European Commission presents its ambitous new Single Market Strategy
On 21 May, European Commission Executive Vice-President for Prosperity and Industrial Strategy Stéphane Séjourné unveiled the new Single Market Strategy, a comprehensive plan designed to simplify trade, foster growth for businesses, and strengthen Europe’s economic backbone. This initiative seeks to reinforce the EU’s internal market by simplifying regulatory frameworks, eliminating key trade barriers, and enhancing the competitiveness of European businesses. Moreover, the initiative outlines the Commission’s plans to streamline the rules for establishing companies, reduce inconsistent national regulations for services, and facilitate the posting of workers.

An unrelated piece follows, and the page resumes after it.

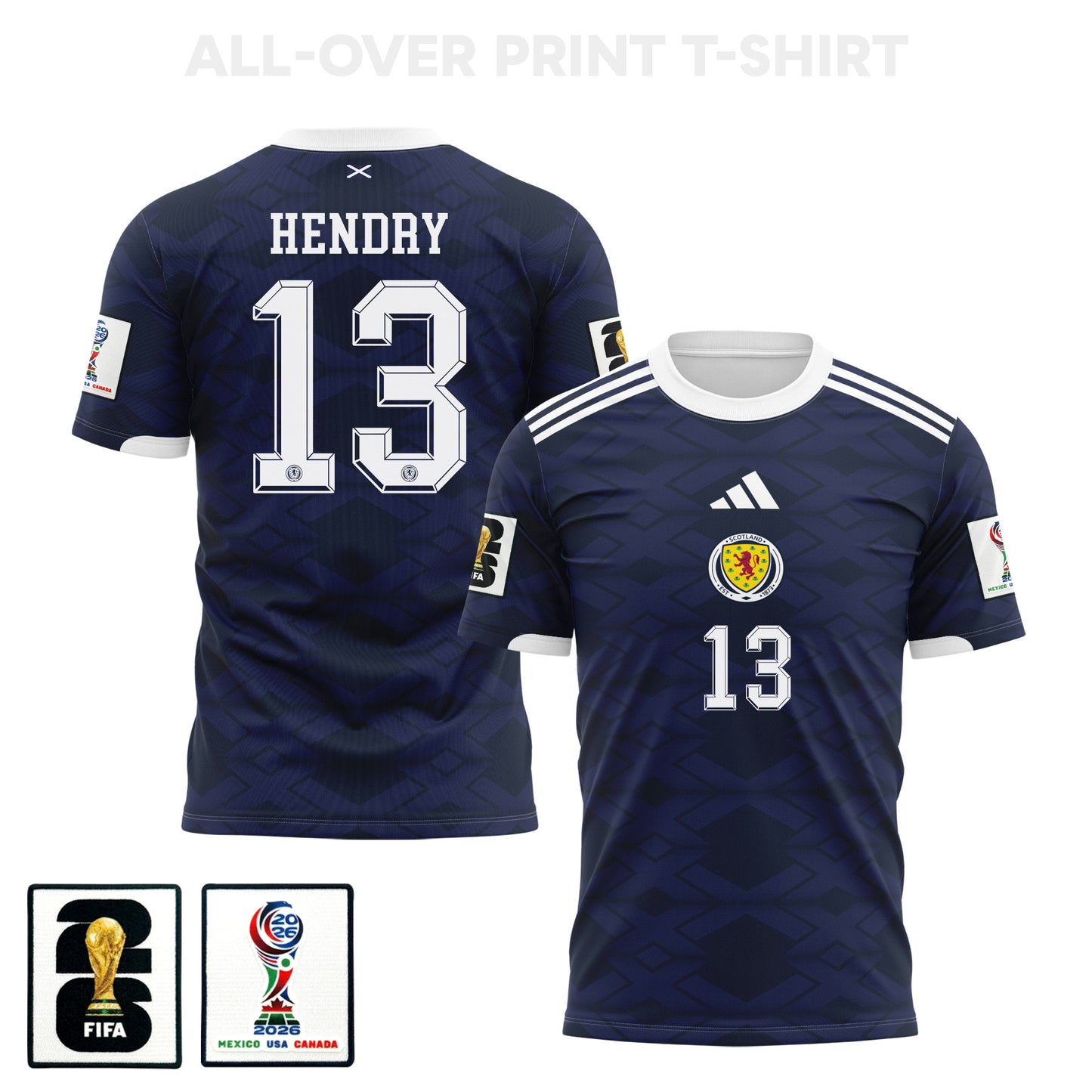 Jack Hendry 13 Scotland 2026 Home 3D T-Shirt Fully Printed – Unisex, Navy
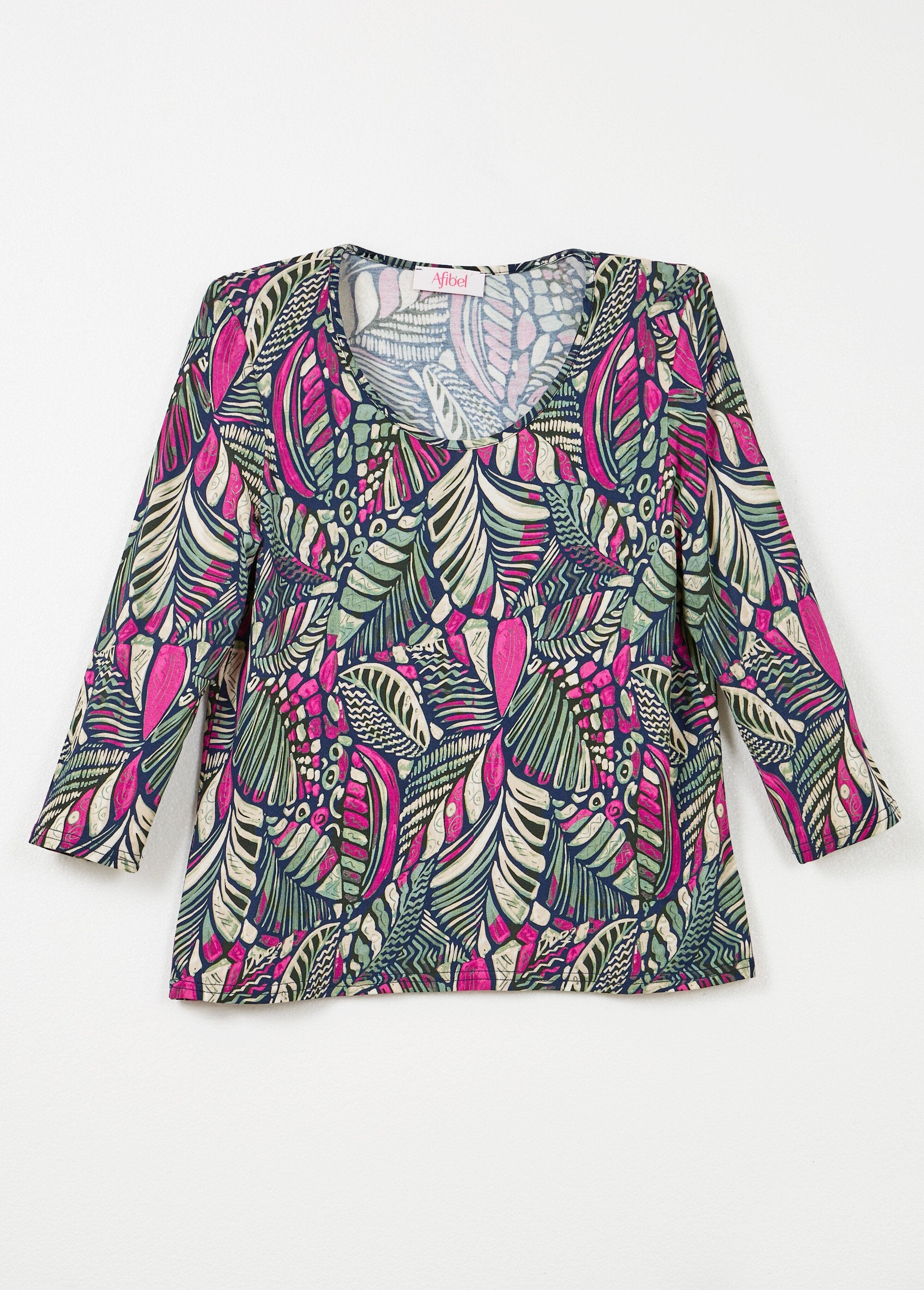 T-shirt_col_rond_imprimé_patchwork_Rose_et_vert_AP1_slim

Mr. Séjourné presented the initiative as a two-part strategy: a political roadmap aimed at eliminating major internal market barriers and a legislative package designed to assist mid-sized companies by reducing bureaucratic obstacles. The Commission Vice-President described this package as the EU’s most significant economic initiative in years.
A political Roadmap
Rather than proposing new legislation, the Commission’s Single Market Strategy presents a roadmap aimed at addressing ten of the most significant barriers hindering European businesses. The identified obstacles include fragmented packaging standards, differing rules on professional qualifications, cumbersome processes for posted workers, and delays in implementing common European standards. The Commission’s goal is to encourage Member States to work together to eliminate these barriers.
Fourth Omnibus package
Alongside the strategy, the Commission introduced the Fourth Simplification Omnibus, amending eight pieces of EU legislation to reduce compliance burdens. At its heart is the creation of a new “small mid-cap” category, covering firms with between 250 and 750 employees and up to €150 million in turnover or €129 million in assets.
These companies—roughly 38,000 across Europe—will now benefit from partial exemptions under key EU laws, including the General Data Protection Regulation (GDPR), the Markets in Financial Instruments Directive, and the Batteries Regulation. Smaller companies with under 250 staff already enjoy exemptions from these rules, but growing firms previously faced what Séjourné called the “brutality” of sudden compliance thresholds.
Conclusion
The success of the Commission’s new strategy will ultimately depend on Member States’ willingness to follow through. While the roadmap and legislative package offer a clear direction for boosting competitiveness and reducing burdens on businesses, implementation will require coordinated national action. If effectively carried out, the strategy could mark a turning point for the Single Market—transforming it into a more integrated, resilient, and business-friendly space at the heart of the European economy.